3. Construct static instances via pub fn PackedSkeletonDataV1::new_unchecked(SkeletonDataIndex, &[u8]), reducing file size and therefore probably compile times without changing any runtime characteristics. See https://github.com/unicode-org/icu4x/issues/2452.

@robertbastian @Manishearth @younies

[Manishearth]

2 sounds compelling if we can make it work cleanly in our baking infra

[Manishearth]

potentially have a flag for data keys that marks them as "VZV packable"

[sffc]

Discussed this briefly with @robertbastian. Some points:

• Basically the proposal is to store data as immutable slices instead of references to mutable structs
• ZeroFrom is costly for nested structs. How costly is it for shallow ones?
• Fully borrowed constructors like those in icu_properties are still possible but are a little bit more intricate because we end up with 3 states of the data struct: yoked, borrowed-from-yoke, and fully-borrowed, where the fully-borrowed type is separate from the data struct type and is the one used internally in baked.

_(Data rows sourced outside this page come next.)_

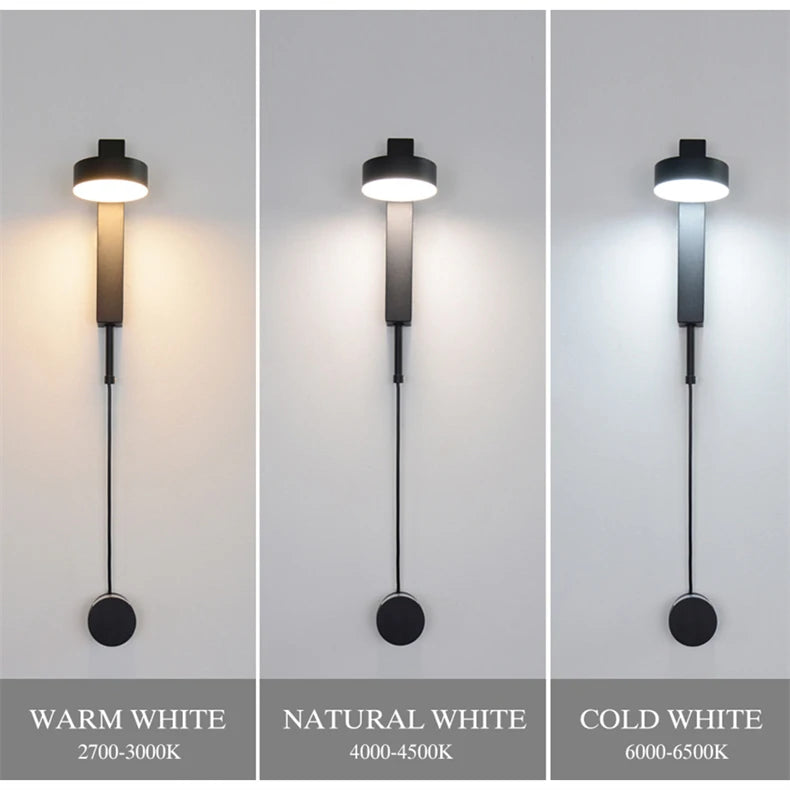 Nordic Modern LED wall lamp Gold Black Rotation Dimming Switch Wall Light With plug Fixture Bathroom Bedroom 360° Rotate Sconces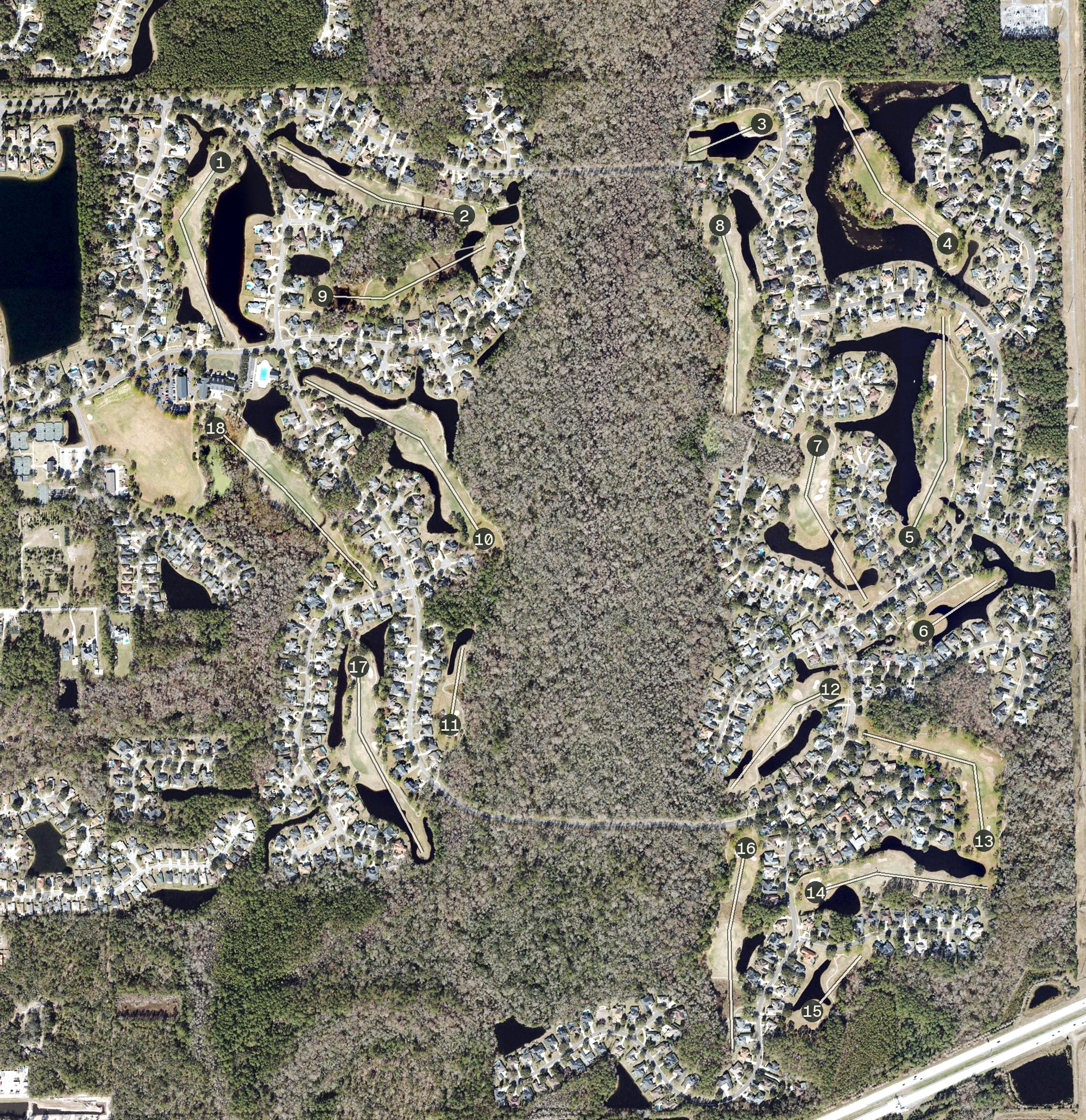 Aerial view of Deercreek Country Club, FL
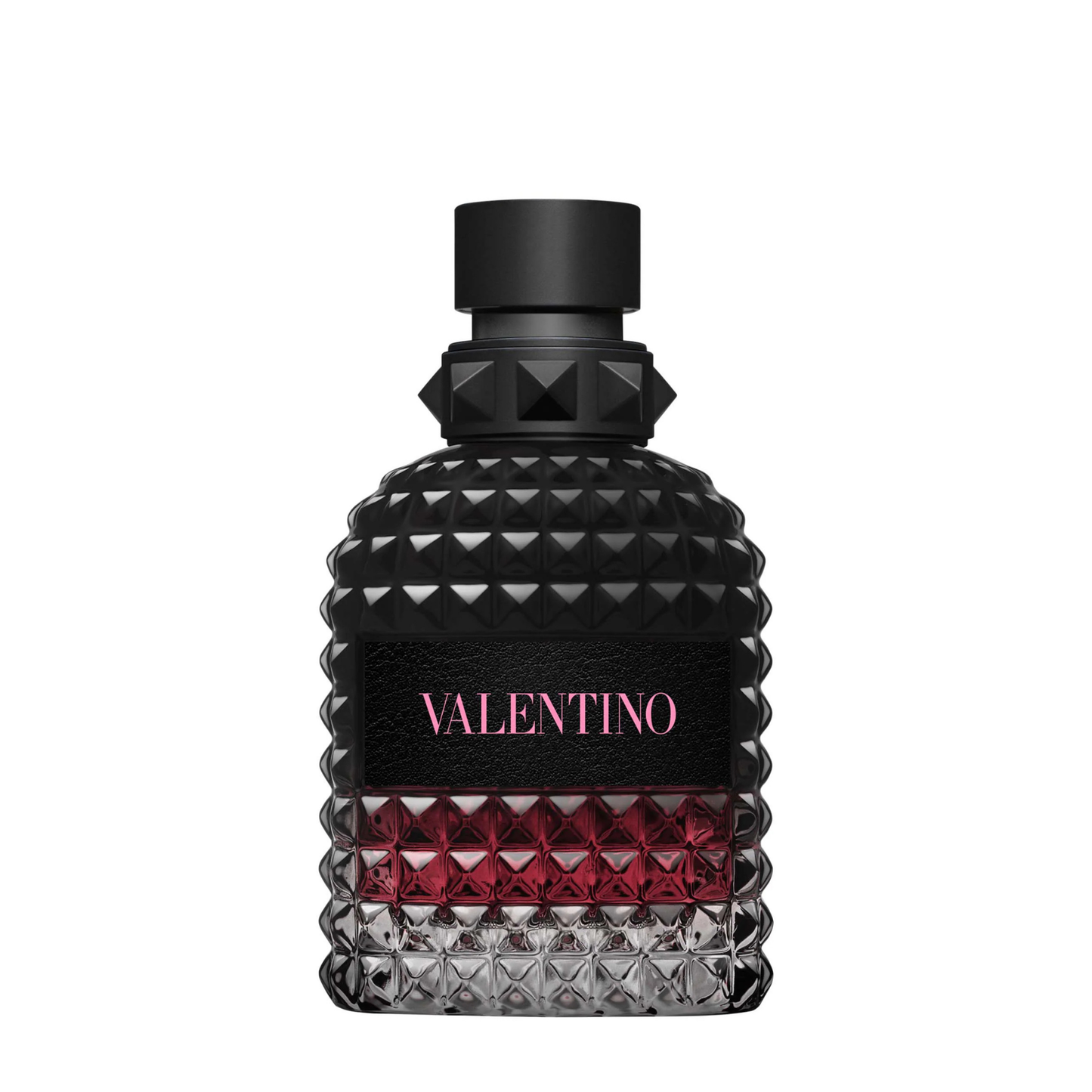 Valentino Uomo Intense cologne bottle with black studded glass and matte black cap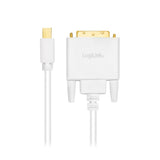 LogiLink DisplayPort-Adapter, mDP/M zu DVI/M, 1080p, weiß, 3 m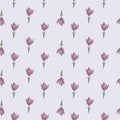 Abstract floral seamless pattern with little purple doodle crocus flower elements. Blue light background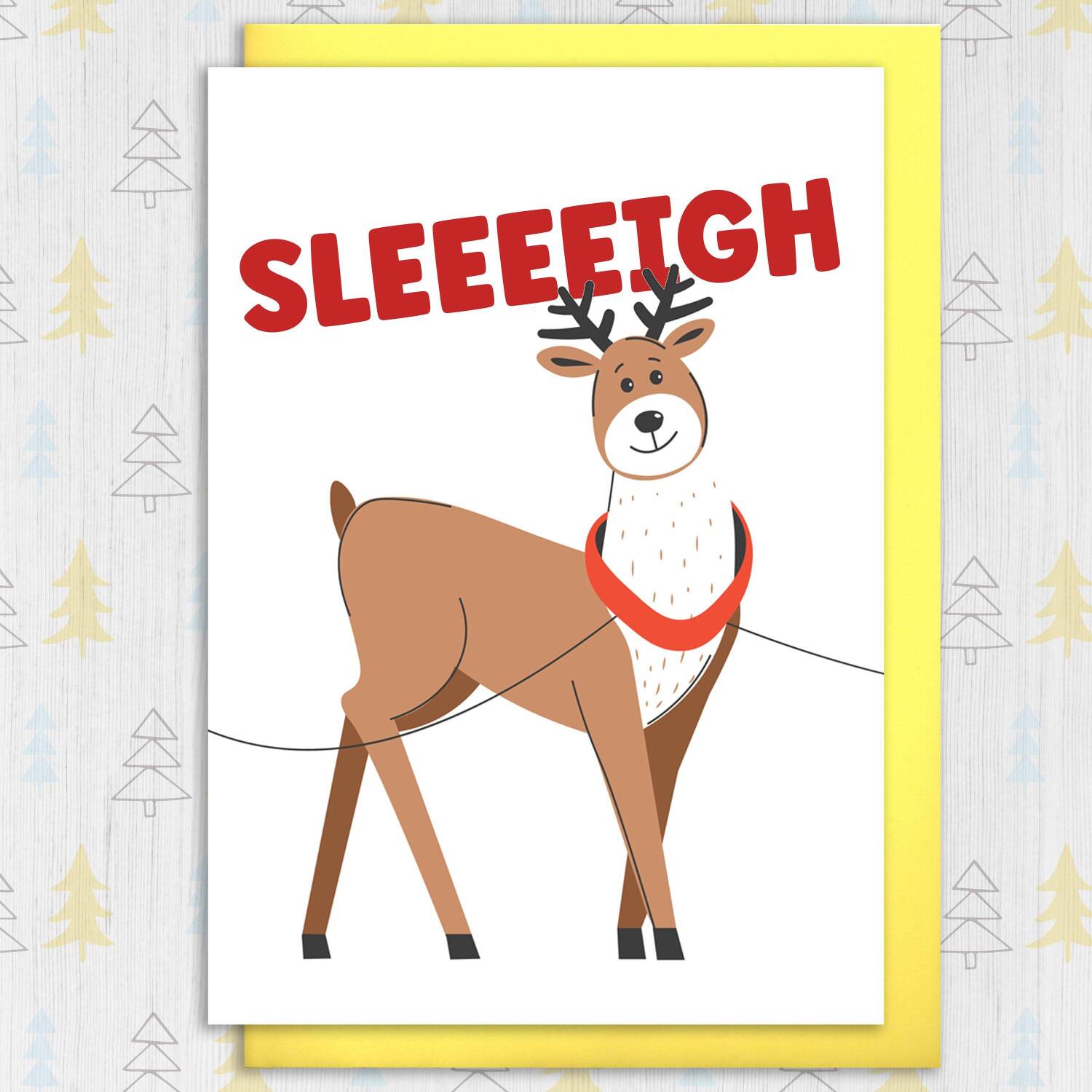 Sleeeeigh funny reindeer slay LGBTQ+ gay, lesbian Christmas card for adults, male, female, friends, mates (Size A6/A5/A4/Square 6x6") - A6: Single card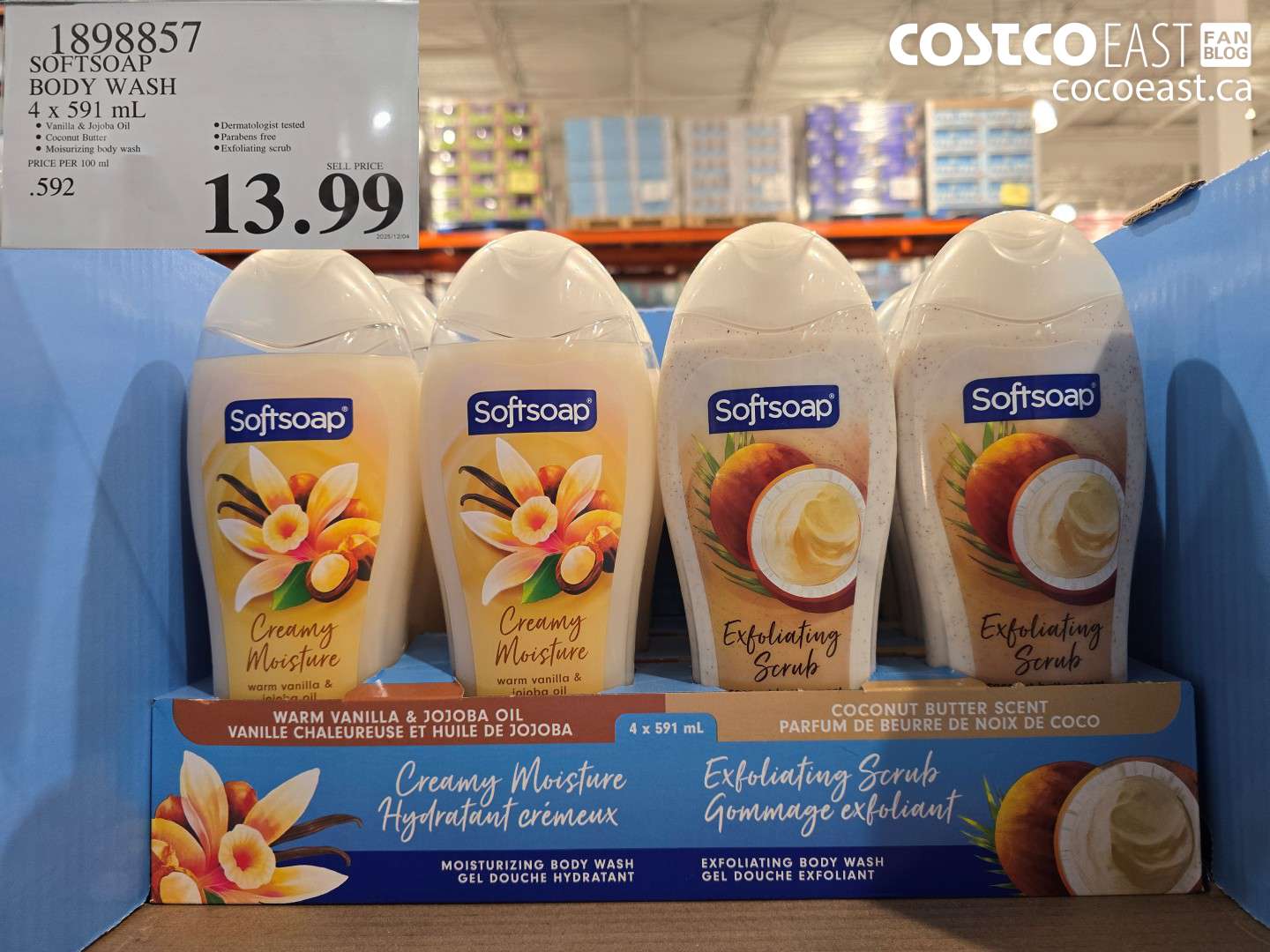 1898857 SOFTSOAP BODY WASH 4 x 591 mL $13.99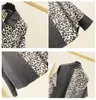 Lente en herfst shirt Koreaans contrast Ruffle Leopard print lange mouw blouse plus size vrouwen blouses 210615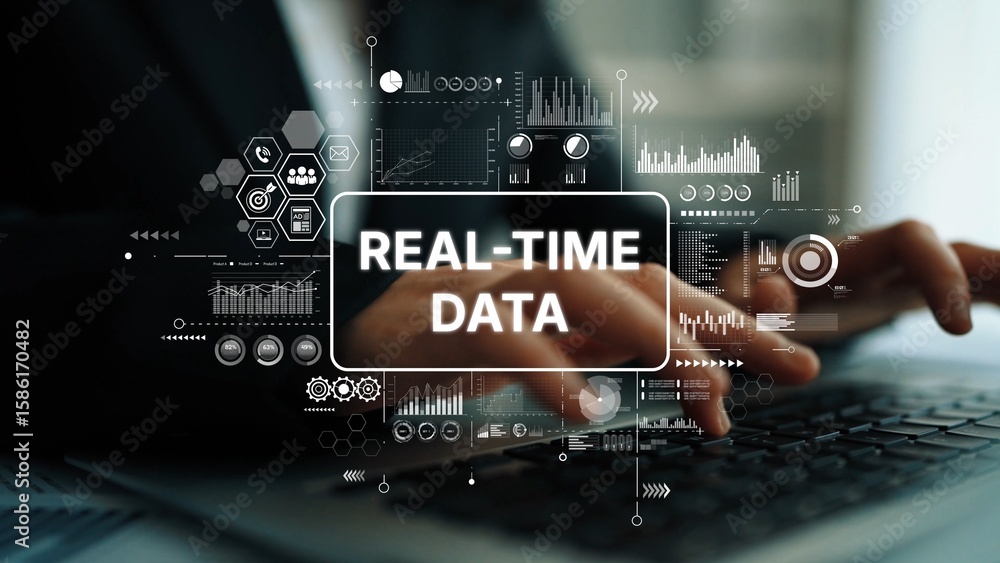 Poster business professional analyzing real-time data on laptop with visual graphs and graphical user inter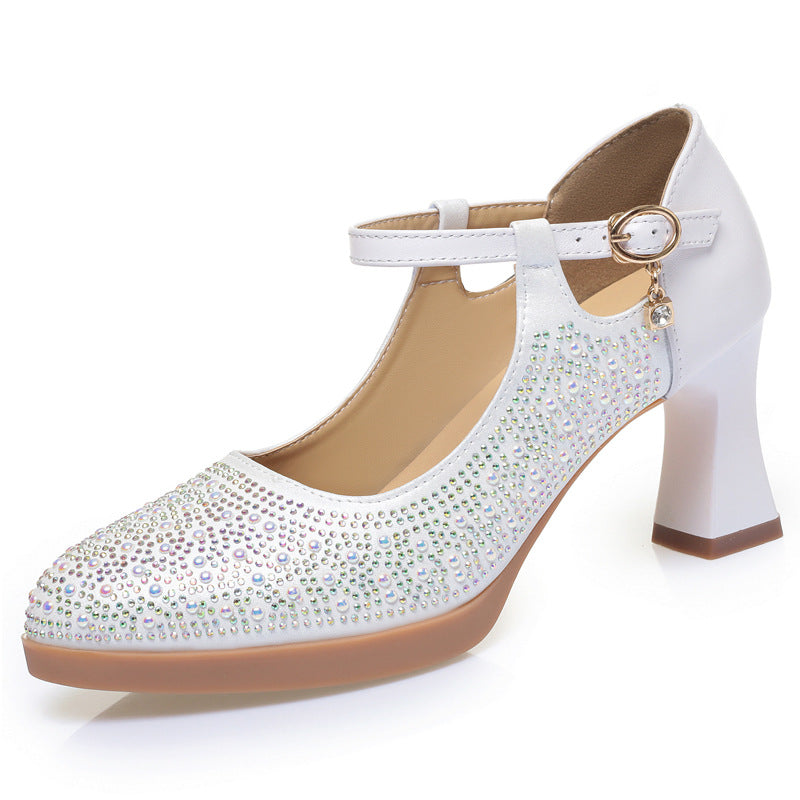 Women's Not Tired Feet Buckle Genuine Chunky Heels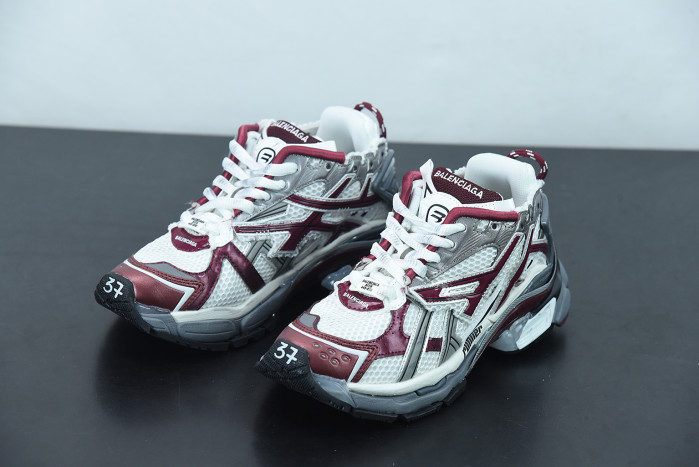 balcia runner white dark red grey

To illustrate that last point:

// Data struct type
#[derive(Clone)]
pub struct ThingV1<'data> {
    pub a: VarZeroVec<'data, str>,
    pub b: VarZeroVec<'data, str>,
}

// Borrowed type
#[derive(Copy, Clone)]
pub(crate) struct ThingV1Borrowed<'data> {
    pub a: &'data VarZeroSlice<str>,
    pub b: &'data VarZeroSlice<str>,
}

// Example top-level owned type
pub struct ThingFormatter {
    payload: DataPayload<ThingV1Marker>
}

// Example top-level borrowed type
pub struct ThingFormatterBorrowed<'data> {
    payload: ThingV1Borrowed<'data>
}

// To get from one to the other
impl ThingFormatter {
    pub fn as_borrowed(&self) -> ThingFormatterBorrowed {
        self.payload.get().as_borrowed()
    }
}

In the above example, ThingV1Borrowed can always be constructed from borrowed data, so compiled_data constructors directly to the borrowed type can still work fine.

[robertbastian]

1. (SkeletonDataIndex, &[u8]) is (SkeletonDataIndex, &VarZeroSlice<'data, PatternULE>). The generic way to do this would be to have a fully borrowed version of each data struct, instead of always having ZeroVec and Cow at the leaves, which have a cost.
2. I don't see how this would be done. We have a DataPayload<ExportMarker>, and we can call bake() on the data struct. Then what?
3. Isn't this the same as (1)?

[sffc]

You're right about &[u8] and &VarZeroSlice being the same. I'll switch to using &VarZeroSlice.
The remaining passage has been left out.